Exercise
Each line must appear in the answer exactly as it does in the data.

Supplied information
★ ★ ★
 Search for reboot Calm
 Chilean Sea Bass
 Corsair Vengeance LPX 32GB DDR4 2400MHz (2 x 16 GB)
★ ★ ★
Result
 Search for reboot Calm
 Chilean Sea Bass
 Corsair Vengeance LPX 32GB DDR4 2400MHz (2 x 16 GB)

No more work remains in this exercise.